Vos finances - Spéculer à haute fréquence
Toutes ces banques et tous ces négociants accusés de manipuler les taux de change ou encore le Libor ; toutes ces firmes spécialisées et ces autres fonds alternatifs faisant leur pain et leur beurre en spéculation sur de minces écarts en fermeture et entre titres sous-jacents… Les transactions à haute fréquence (en anglais HFT) retiennent l’attention ? Elles étaient tolérées tant qu’elles s’alimentaient d’imperfections de marché ? Elles inquiètent depuis, tant elles pourraient être la cause de ces imperfections dont elles se nourrissent ?
Selon la revue scientifique Nature, les marchés boursiers auraient connu plus de 18 500 mini-krachs depuis… 2006. Ou encore, une demi-seconde de négociation peut comprendre 1200 commandes et 215 véritables transactions. Quand les gains en Bourse ou sur les marchés financiers dépendent de la rapidité de l’algorithme, nous entrons dans l’univers de la volatilité. En décortiquant le jeu de ces robots ou automates, il a été recensé que, sur les quelque 18 500 soubresauts erratiques des cours observés entre 2006 et le début de 2011, les prix ont connu des variations de 0,8 % ou plus sans aucune rationalité, avant de revenir à leur juste valeur réelle, peut-on lire dans la documentation sur les transactions à haute fréquence. Et depuis ce temps, la vitesse d’exécution de ces automates a été multipliée par six.
Plus des deux tiers des transactions
L’institut de recherche et d’informations socio-économiques (IRIS) a déposé cette semaine une brochure qui nous rappelle que « plus des deux tiers des décisions mondiales de vente ou d’achat sur les marchés financiers sont prises par des intelligences artificielles ».
L’auteure de la brochure, Caroline Joly, revient sur cet événement survenu en septembre 2008. Pour une raison ou une autre, un article datant de 2002 portant sur une possible faillite de la compagnie aérienne United Airlines a été détecté par un algorithme. En six minutes on a assisté à une dégringolade de 76 % du prix des actions d’United Airlines.
Plus récemment, le 23 avril 2013, le compte Twitter de l’agence Associated Press, alors victime d’un pirate informatique, a publié un tweet piraté annonçant que la Maison-Blanche venait d’être la cible d’une explosion terroriste et que, dans la foulée, le président Obama avait été grièvement atteint. Ce canular a déclenché une réaction en chaîne. Wall Street a aussitôt perdu quelque 136 milliards de dollars, avant de se rétablir trois minutes plus tard.
Entre les deux, soit le 6 mai 2010, un ordre « flash » passé dans le système d’exécution automatisé a fait chuter la Bourse américaine de 10 %, le temps d’un clic ou deux.
Inefficiences
Ces systèmes ont été conçus au départ pour tirer profit d’inefficiences de marché.

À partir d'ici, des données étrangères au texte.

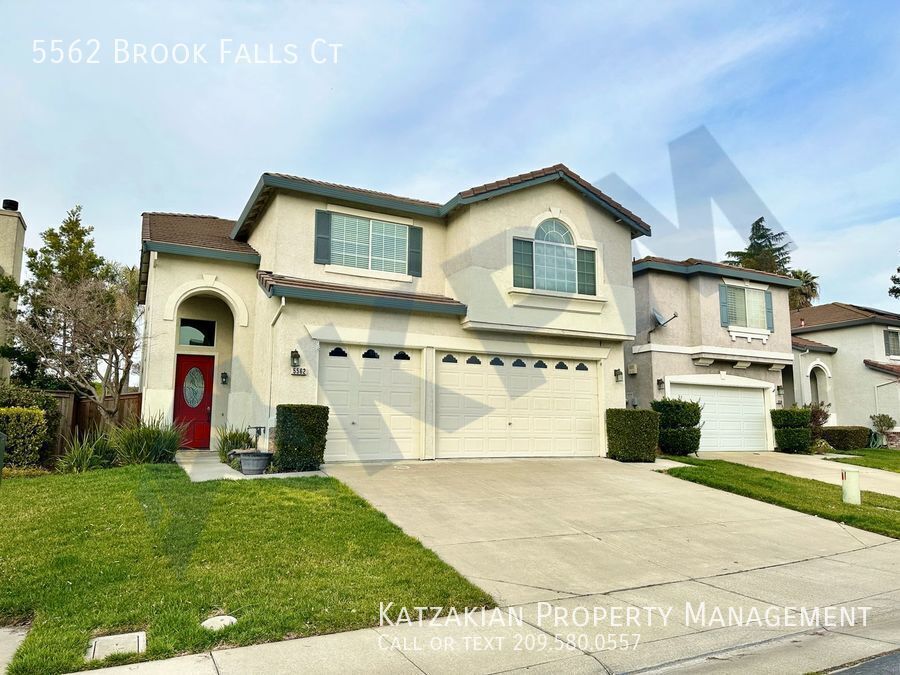 5562 Brook Falls Ct in Stockton, CA - Building Photo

Jouant les écarts ou les fourchettes de prix, ou encore s’alimentant d‘arbitrages entre deux produits financiers ou conçus pour ajouter de la volatilité dont peuvent se nourrir les options, ces algorithmes ont aujourd’hui besoin de toujours plus de vitesse. Ils sont engagés dans ce que l’on appelle une véritable « course à l’armement ». Dans cette quête inlassable de rapidité d’exécution à des coûts toujours plus bas, qui se mesure en microsecondes, on peut atteindre facilement un millier d’exécutions de transactions à la seconde. L’encadrement réglementaire ne peut qu’avoir de la difficulté à suivre tout cela.
« Loin de faire l’unanimité, indique l’IRIS, le HFT soulève toutefois maintes controverses, et ce, pour diverses raisons. Il comporte des risques systémiques graves liés à des réactions en chaîne perverses causées par des erreurs de programmation ou des comportements algorithmiques déviants impromptus. Il augmente considérablement la faculté d’abus des marchés, particulièrement la possibilité de manipulation des cours. Et il pose un problème d’équité concurrentielle, dans la mesure où il donne un avantage significatif aux spéculateurs détenant les moyens de s’y adonner. »
À l’échelle humaine
À ce jour, il a été proposé qu’on oppose à cette spéculation à haute fréquence une « limite de vitesse », qu’on ramène l’exécution par ordinateur à l’échelle humaine. D’autres, c’est le cas en Europe, invitent les gouvernements à taxer ces transactions de nature spéculative. Quant aux effets systémiques…
Nous sommes loin de ces bonnes vieilles transactions programmées auxquelles on attribue 10 % du violent krach boursier d’octobre 1987, soumises depuis à des coupe-circuits en cas de fortes fluctuations. Et encore loin des prix reposant sur le bon vieux « fondamental ».